The Pakistani intelligence operative, who was in touch with CRPF assistant sub-inspector Moti Ram Jat, for classified information, was also reportedly in contact with 15 other phone numbers linked to the Indian Army, paramilitary forces and government personnel.
Jat was arrested on May 27 by the NIA for allegedly spying for Pakistan. He had reportedly been sharing classified information with Pakistani intelligence officers since 2023. Sources told Indian Express that with the help of technical surveillance, intelligence agencies found that apart from contacting Jat, the Pakistani operative, whose code name is Salim Ahmed, was in touch with at least 15 other phone numbers.
“After scanning call detail records and internet protocol detail records, it was found that four of these numbers belong to personnel of the Army, four more to those of paramilitary forces and the remaining seven to staffers in various departments of the central government,” sources said.
The SIM card for a phone number through which Jat was contacted was also procured from Kolkata by a man who shared the activation OTP with the Pakistani operative based in Lahore. “The Kolkata man had married a Pakistani national in 2007 and shifted to Pakistan in 2014. He travelled to Kolkata twice in a year,” the sources said.
According to the IE report, Jat allegedly sent several “sensitive documents” to his handler in Lahore for regular payments of up to Rs 12,000 for two years. The funds were deposited into the bank accounts of Jat and his wife from accounts in multiple locations, including Delhi, Maharashtra, Haryana, UP, Rajasthan, Chhattisgarh, Assam and West Bengal.

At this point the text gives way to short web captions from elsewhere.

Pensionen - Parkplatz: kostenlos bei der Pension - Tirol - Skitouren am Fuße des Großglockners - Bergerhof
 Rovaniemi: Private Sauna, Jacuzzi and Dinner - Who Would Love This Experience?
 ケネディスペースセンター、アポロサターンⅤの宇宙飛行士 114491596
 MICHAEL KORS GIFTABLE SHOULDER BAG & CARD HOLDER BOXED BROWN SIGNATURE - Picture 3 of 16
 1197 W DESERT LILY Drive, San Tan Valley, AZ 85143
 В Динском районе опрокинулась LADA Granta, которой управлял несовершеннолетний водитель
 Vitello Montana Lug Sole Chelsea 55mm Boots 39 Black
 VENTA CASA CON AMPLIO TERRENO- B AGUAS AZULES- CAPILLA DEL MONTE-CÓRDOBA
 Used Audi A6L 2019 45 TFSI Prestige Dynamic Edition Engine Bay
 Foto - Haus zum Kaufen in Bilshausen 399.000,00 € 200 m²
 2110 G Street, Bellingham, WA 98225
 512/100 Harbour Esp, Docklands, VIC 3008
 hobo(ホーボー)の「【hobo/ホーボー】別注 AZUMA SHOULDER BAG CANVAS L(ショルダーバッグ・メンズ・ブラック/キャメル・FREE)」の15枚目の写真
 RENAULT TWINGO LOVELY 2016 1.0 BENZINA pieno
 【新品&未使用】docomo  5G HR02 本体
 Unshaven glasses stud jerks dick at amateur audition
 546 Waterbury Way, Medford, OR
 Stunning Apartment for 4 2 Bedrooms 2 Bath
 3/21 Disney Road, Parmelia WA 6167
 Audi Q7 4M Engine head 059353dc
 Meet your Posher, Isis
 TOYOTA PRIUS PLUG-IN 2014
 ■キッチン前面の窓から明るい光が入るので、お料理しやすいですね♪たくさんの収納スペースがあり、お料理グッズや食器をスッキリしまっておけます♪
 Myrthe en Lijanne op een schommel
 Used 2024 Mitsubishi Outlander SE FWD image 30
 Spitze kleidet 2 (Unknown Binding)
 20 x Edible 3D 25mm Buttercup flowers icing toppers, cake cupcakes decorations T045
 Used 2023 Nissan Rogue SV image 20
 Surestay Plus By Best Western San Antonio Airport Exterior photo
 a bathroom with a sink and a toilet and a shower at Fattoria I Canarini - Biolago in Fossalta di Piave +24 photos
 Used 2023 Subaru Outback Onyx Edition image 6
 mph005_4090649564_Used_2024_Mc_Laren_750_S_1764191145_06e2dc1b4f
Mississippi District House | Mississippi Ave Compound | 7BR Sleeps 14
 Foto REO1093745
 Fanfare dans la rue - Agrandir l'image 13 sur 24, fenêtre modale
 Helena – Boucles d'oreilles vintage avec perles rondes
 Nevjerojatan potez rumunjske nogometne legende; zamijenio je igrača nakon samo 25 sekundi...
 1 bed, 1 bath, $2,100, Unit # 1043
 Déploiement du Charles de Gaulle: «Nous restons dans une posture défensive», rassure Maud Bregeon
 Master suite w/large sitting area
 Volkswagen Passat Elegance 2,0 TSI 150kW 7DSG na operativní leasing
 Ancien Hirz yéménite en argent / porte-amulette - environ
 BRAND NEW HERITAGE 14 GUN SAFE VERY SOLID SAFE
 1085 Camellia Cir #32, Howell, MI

“One of the senders has been identified as Shahzad, who was arrested in May by the Uttar Pradesh ATS for allegedly passing on classified information to ISI handlers while engaging in the cross-border smuggling of clothes, spices and cosmetics. Shahzad has claimed that he once transferred Rs 3,500 to Jat after he was asked by a co-passenger in a train from Punjab to Delhi to send money to a family member. He claimed that he was given Rs 3,500 in cash by the co-passenger to make the online transaction,” sources told IE.
Jat reportedly claimed that he was initially contacted by a woman who posed as a journalist in a Chandigarh-based TV channel. “After regular exchanges over phone and video calls, he began sharing documents with her,” sources told IE.
A few months later, a man, allegedly a Pakistani official, took over the conversation, continuing the ruse as a fellow journalist.
Jat allegedly provided “multiple classified documents related to security personnel deployment, multi-agency centre reports posted on official WhatsApp groups, information of troops movement and locations of terrorist movement, according to reports.